Jusos Thürin­gen fordern von Land­tagspräsi­dent Chris­t­ian Car­ius, die AfD-Frak­tion von der Gedenkstunde für die Opfer der nation­al­sozial­is­tis­chen Gewaltherrschaft am 27.1.2017 im Thüringer Land­tag auszuladen.

“Die Rede des AfD-Frak­tionsvor­sitzen­den Höcke am  17. Jan­u­ar in Dres­den hat sein anti­semi­tis­ches, rassenide­ol­o­gis­ches und geschicht­sre­vi­sion­is­tis­ches Welt­bild offen­bart. Es wäre ein Schlag ins Gesicht der Opfer, ihrer Ange­höri­gen und all jen­er Men­schen, die sich Tag für Tag neo­faschis­tis­chen Umtrieben in den Weg stellen, wenn dieser Men­sch und seine Frak­tion an der Gedenkstunde im Thüringer Land­tag teil­nehmen wür­den”, so Sask­ia Schel­er, Lan­desvor­sitzende der Jusos Thüringen.

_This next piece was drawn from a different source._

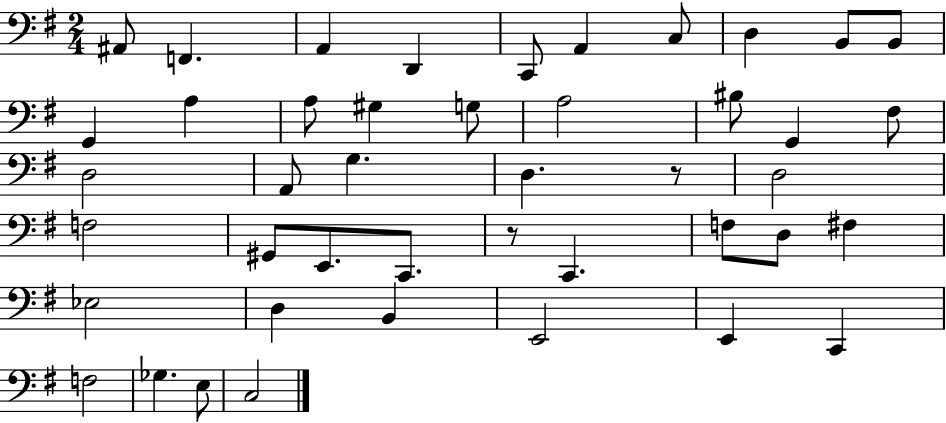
A#2/e F2/q. A2/q D2/q C2/e A2/q C3/e D3/q B2/e B2/e G2/q A3/q A3/e G#3/q G3/e A3/h BIS3/e G2/q F#3/e D3/h A2/e G3/q. D3/q. R/e D3/h F3/h G#2/e E2/e. C2/e. R/e C2/q. F3/e D3/e F#3/q Eb3/h D3/q B2/q E2/h E2/q C2/q F3/h Gb3/q. E3/e C3/h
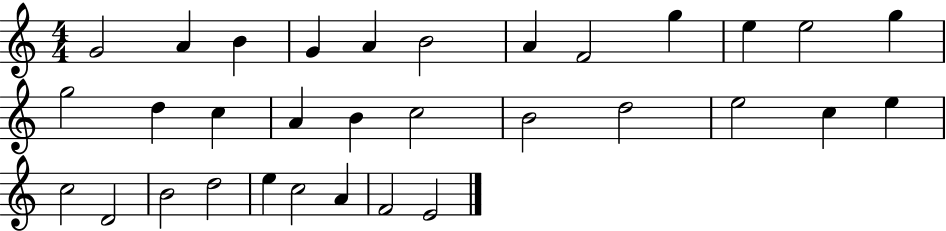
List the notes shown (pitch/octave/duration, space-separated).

“Höck­es Rede erin­nert an Goebbels’ Has­sti­raden in der Zeit des Nation­al­sozial­is­mus. Sie verunglimpft die Opfer, würdigt das Gedenken an die ermorde­ten Jüdin­nen und Juden herab und ruft zu ein­er Umdeu­tung der Geschichte auf. Ich fordere den Präsi­den­ten des Thüringer Land­tags, Chris­t­ian Car­ius, daher dazu auf, die AfD-Frak­tion der Gedenkstunde für die Opfer der nation­al­sozial­is­tis­chen Gewaltherrschaft am 27.1.2017 im Thüringer Land­tag auszu­laden”, so Schel­er abschließend.